Some films become cult classics and we can’t really point out why. They are not landmarking of filmmaking, nor they have an unforgettable performance or another element that it in the must watch list. But even so, there’s something about them that just clicks and make them pop out and be remembered years to come.

The First Wives Club is one of these films; originally released in 1996, the film was an instant success, telling the story of three almost 50-year-old women who are all abandoned by their husbands for younger women. Elise (Hawn) is a Hollywood actress who’s past her prime and is trying her best to preserve her youth; her husband is a producer named Bill (Victor Garber), who’s of course a pig and is dating a young starlet named Phoebe (Elizabeth Berkley). Brenda (Midler) is a housewife who helped her husband Morty (Dan Hedaya) create an empire and was traded of for a stupid bimbo (Sarah Jessica Parker); and Annie (Keaton) is an executive who always put her career behind her husband Aaron (Stephen Collins) lives a completely submissive life. They reconnect after decades apart in the funeral of their fourth friend Cynthia (Stockard Channing) committed suicide after being left for a younger woman. Seeing the similarities in all their pain make them unite and promise to pay back all the suffering they are experiencing.

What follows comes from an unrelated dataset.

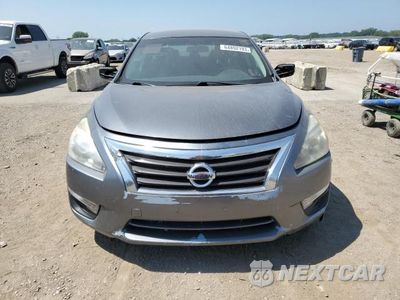 Piąte zdjęcie samochodu w środku: 2015 NISSAN ALTIMA 2.5 VIN:1N4AL3AP0FN352957 - miniatura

As a film, The First Wives Club is pretty by-the-book. They are in pain, they unite, they promise revenge, they go at it, they finally see the greater picture and learn from their mistakes. Nothing in the structure of the story is particularly groundbreaking, but that doesn’t mean it’s not exactly that in a lot of aspects. This is a film that deals, among other things, with 50-year-old women being dumped and finding new purpose in live , and most importantly, ending the story feeling totally secure of they are in the world, proud of their choices, their bodies, their lives. To have a film with one lead at that age would already be a risk, and one with three leads would probably seem like a recipe for disaster in the 90’s. when representation was still only being whispered. Not only does the film turn our expectations around, it also made a lot of money, another proof that people older than 15 also went to the theatre.

Meanwhile, the script doesn’t shy away from a lot of issues that exists in stories like these, such as alcoholism, co-dependency, the feeling of not being useful, how horrible it is to be so easily discarded, sexuality, looks and a lot more. It’s kind of a miracle that the script can assimilate so much and be actually cohesive. Probably the biggest catch here was the casting: the entire cast is extraordinary, an inspired collection of actors that bring a lot of personality to the film, from Garber to Channing (great in her one scene), Berkley, Hedaya, Marcia Gay Harden, Bronson Pinchot, Eileen Heckart, Philip Bosco, even the little parts are played by actors like Timothy Olyphant, J.K. Simmons and Heather Locklear. Sarah Jessica Parker and Maggie Smith especially are the ones to notice. Smith has just a few scenes, but her lines and her delivery are hilarious, and her reactions are just spot on; Parker has a more substantial role, and she kills it as the stupid blonde. The character has become a little cliché, yes, but she is still very funny in it.

But if there are any performances that need to be praised here, they are the ones delivered by the three first wives. Hawn stands out a bit more because her Elise is just hilarious all around, but she’s followed very close by Midler, who has great sarcastic quips as Brenda, and Keaton, with the more discreet character of Annie. But most importantly, all their performances complement each other’s, the three actresses bring their A-game here and they are a united front that turns the whole thing into a delicious ride. You cannot imagine replacing any of these three ladies , why would we even try that? Wilson manages to create a well-rounded film that always entices our curiosity to what’s happening next. Some scenes are laugh-out-loud funny, like when the three have to escape Morty’s new house, and even the emotional moments work well.

The First Wives Club may not be considered a perfect film, but it also seems it never intended to be so. What it wanted to be, apparently, was a highly entertaining film, and it accomplished just that with aplomb.